The world’s greatest badminton player could have finished years ago without regrets.
By the end of 2011, Lin owned every major title except for the European Championship, and only because he’s Chinese. The following year he repeated as Olympic champion in London, released his autobiography “To the End of the World,” and was still looking ahead.
The man dubbed “Super Dan” for more than a decade is wealthy (the second-highest earning athlete in China in 2015 according to Forbes) and famous (his wax figure is in Madame Tussauds). So what keeps him playing?
“I still have the passion,” he says.
Which is why Lin is in Birmingham to defend the All England Open title from Wednesday, even though he’s won badminton’s oldest championship six times already. His history of glorious comebacks means nobody is willing to rule him out of ultimately matching the great Rudy Hartono’s eight titles in the 1960s-70s. But if Lin wins again this week, it will be despite the most turbulent time in his career.

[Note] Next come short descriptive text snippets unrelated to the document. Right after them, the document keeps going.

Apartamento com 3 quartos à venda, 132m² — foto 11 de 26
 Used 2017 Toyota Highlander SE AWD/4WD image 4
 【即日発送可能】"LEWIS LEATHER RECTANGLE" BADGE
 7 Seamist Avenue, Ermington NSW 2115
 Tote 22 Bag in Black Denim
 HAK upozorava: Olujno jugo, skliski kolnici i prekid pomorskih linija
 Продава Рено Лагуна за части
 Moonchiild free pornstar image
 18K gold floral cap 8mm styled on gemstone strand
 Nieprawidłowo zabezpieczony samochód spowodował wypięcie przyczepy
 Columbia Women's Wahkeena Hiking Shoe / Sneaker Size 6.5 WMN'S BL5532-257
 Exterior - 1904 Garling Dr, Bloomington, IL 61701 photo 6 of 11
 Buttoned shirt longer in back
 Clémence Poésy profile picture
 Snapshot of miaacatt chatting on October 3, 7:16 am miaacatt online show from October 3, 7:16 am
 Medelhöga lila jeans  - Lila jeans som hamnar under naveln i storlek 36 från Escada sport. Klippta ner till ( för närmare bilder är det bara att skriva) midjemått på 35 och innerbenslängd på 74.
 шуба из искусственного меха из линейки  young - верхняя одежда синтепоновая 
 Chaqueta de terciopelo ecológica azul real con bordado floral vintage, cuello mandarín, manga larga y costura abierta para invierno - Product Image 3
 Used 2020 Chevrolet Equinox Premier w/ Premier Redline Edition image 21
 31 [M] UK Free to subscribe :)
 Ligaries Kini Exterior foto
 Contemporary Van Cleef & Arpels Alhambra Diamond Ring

After the Olympics, Lin returned home as his wife Xie Xingfang, a former two-time world champion, was expecting their first child. The boy, Xiao Yu, was born on November 5.
The joy imploded less than two weeks later, when a celebrity gossip finder released on Chinese social media site Weibo photos and gifs of Lin hugging a woman in a hotel room. She wasn’t his wife. More scandalous was the timing. The photos were taken in October, when Xie was pregnant.
The hashtag #LinDancheating has 2.9 billion hits so far.
Within hours, Lin apologised on social media, saying “I won’t make any excuses for myself, but my actions have hurt my family.”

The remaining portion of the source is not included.